Under the hood, binner uses differential evolution minimisation algorithm.

Ok, let's check how it can help us.

## Let's check it

For model training, we will use data about bank customers and their delinquencies from [Yorko's Git](https://github.com/Yorko/mlcourse.ai).

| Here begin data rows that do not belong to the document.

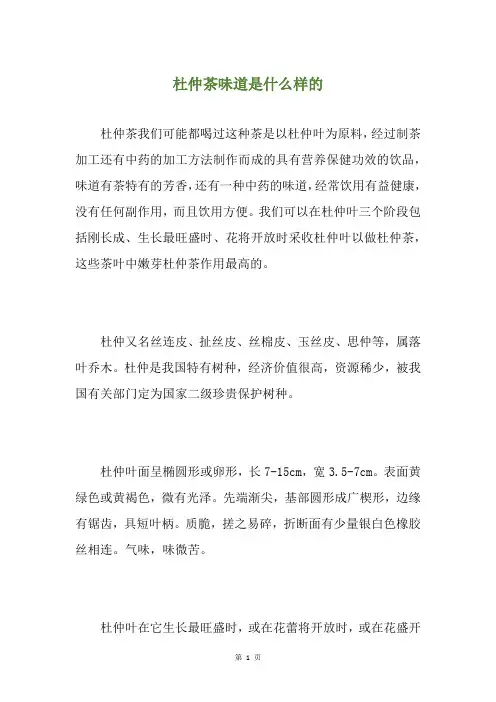 杜仲茶味道是什么样的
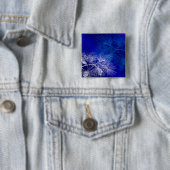Blauwe en witte winterpijn vierkante button 5,1 cm (In situ)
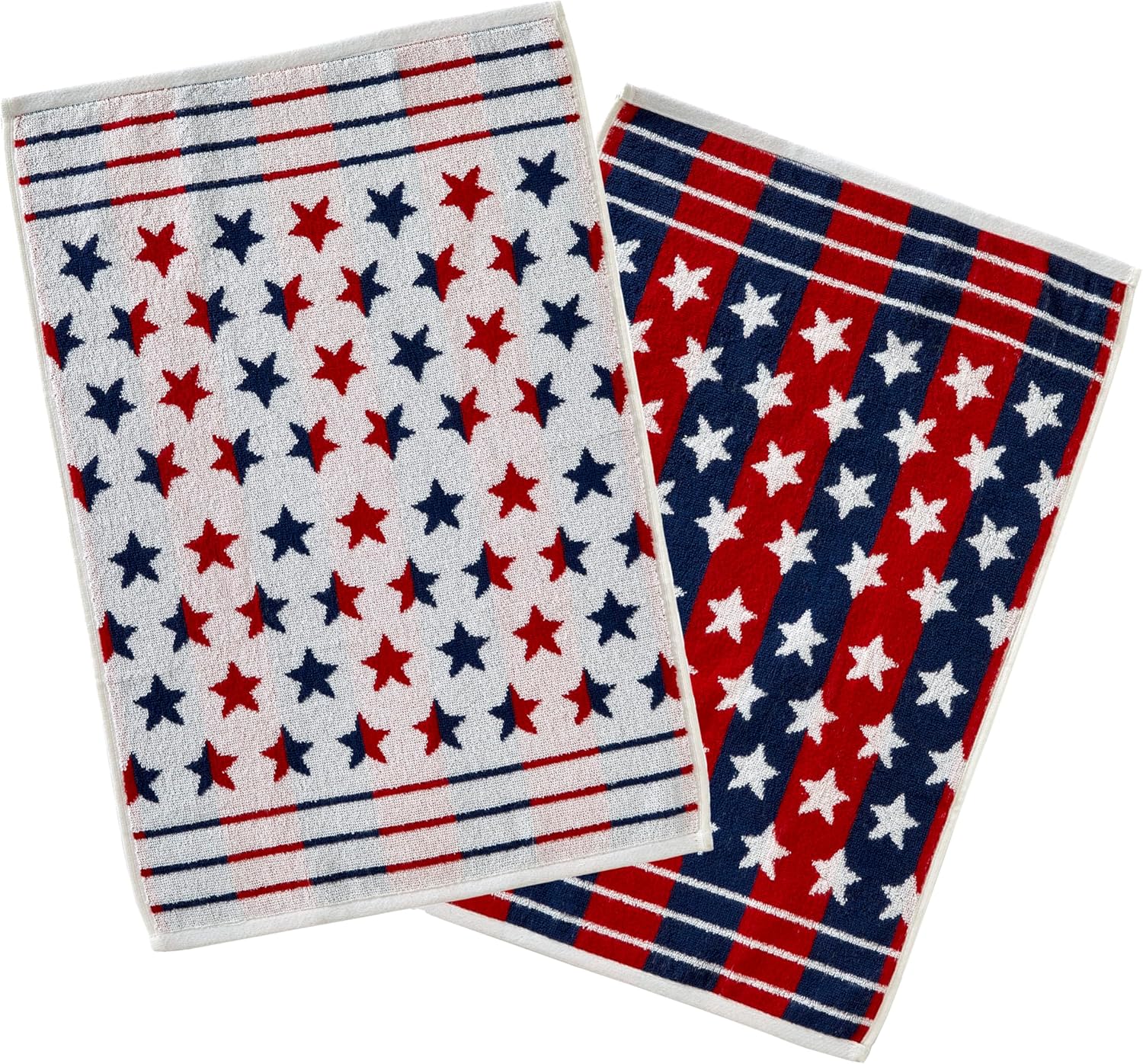 Patriotic Red White Star Hand Towel Set 2 Count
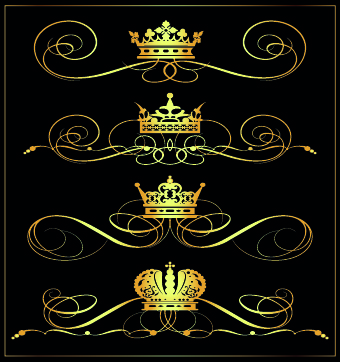 Gold calligraphic decor vector 01 ornament golden calligraphic borders border   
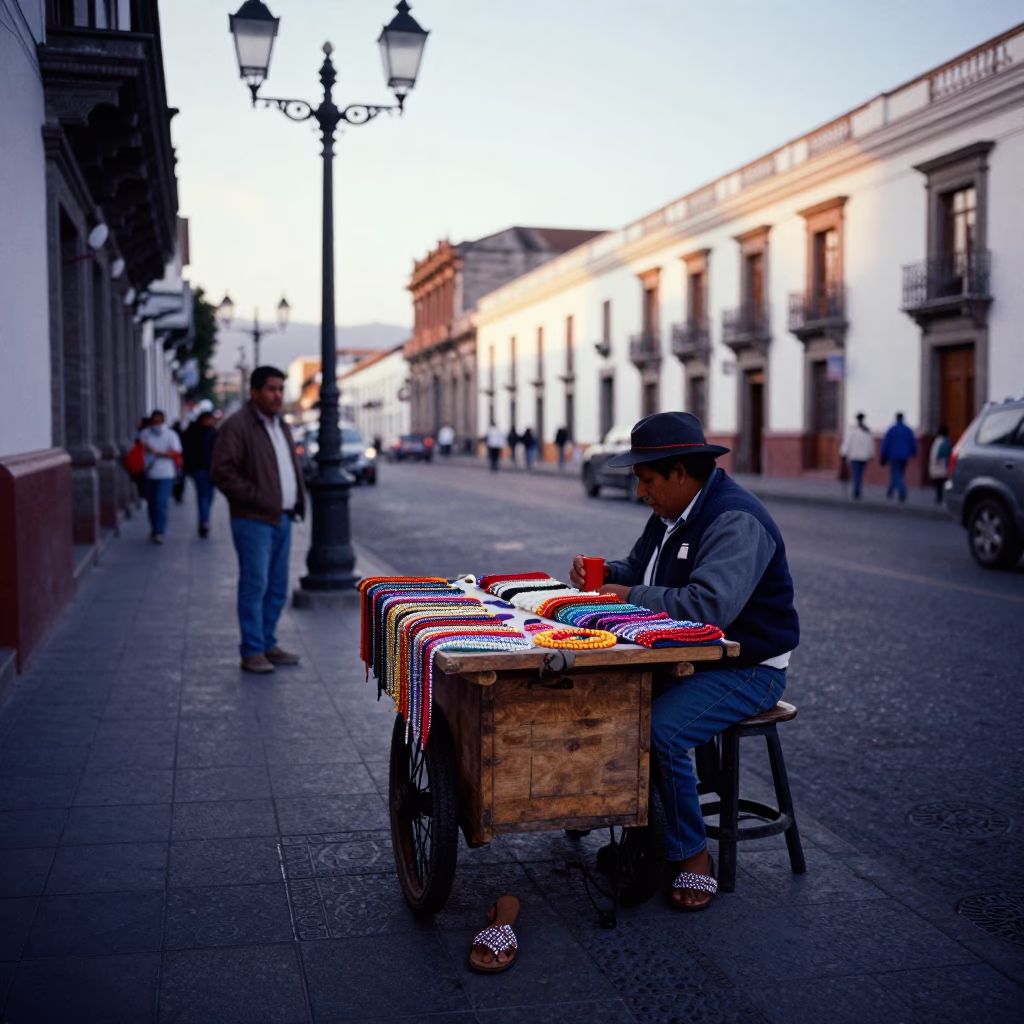 Busy Quito Ecuador Street Scene Late Afternoon with Beaded Sandals and Local Commerce in in Quito, Ecuador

We will drop all NaN from dataset so that we will be able to compare logistic regression performance on binned and unbinned data.

In [8]:
#prerequirements
import pandas as pd
import numpy as np
from sklearn.linear_model import LogisticRegression
from sklearn.model_selection import train_test_split
from sklearn.metrics import roc_auc_score
from pwlf_binner import GiniBinner

In [2]:
data = pd.read_csv('./credit_scoring_train.csv').dropna()

In [3]:
target = data['Delinquent90']
X_train, X_val, y_train, y_val = train_test_split(data.drop(columns=['Delinquent90', 'client_id']), target,
                                                  test_size=0.3, shuffle=True)

In [4]:
%%time
binner = GiniBinner(fast=True)
X_train_binned = binner.fit_transform(X_train, y_train)

  0%|          | 0/9 [00:00<?, ?it/s]



100%|██████████| 9/9 [02:00<00:00, 21.66s/it]

CPU times: user 3min 29s, sys: 22 s, total: 3min 51s
Wall time: 2min





In [5]:
X_val_binned = binner.transform(X_val)

100%|██████████| 9/9 [00:00<00:00,  9.44it/s]


In [6]:
lr = LogisticRegression()
lr.fit(X_train, y_train)
y_pred = lr.predict_proba(X_val)[:,1]
print('Gini is', roc_auc_score(y_val, y_pred)*2 - 1)

Gini is 0.35691583329347765


In [7]:
lr = LogisticRegression()
lr.fit(X_train_binned, y_train)
y_pred = lr.predict_proba(X_val_binned)[:,1]
print('Gini is', roc_auc_score(y_val, y_pred)*2 - 1)

Gini is 0.6525408136381639


We have got great gain in our model quality!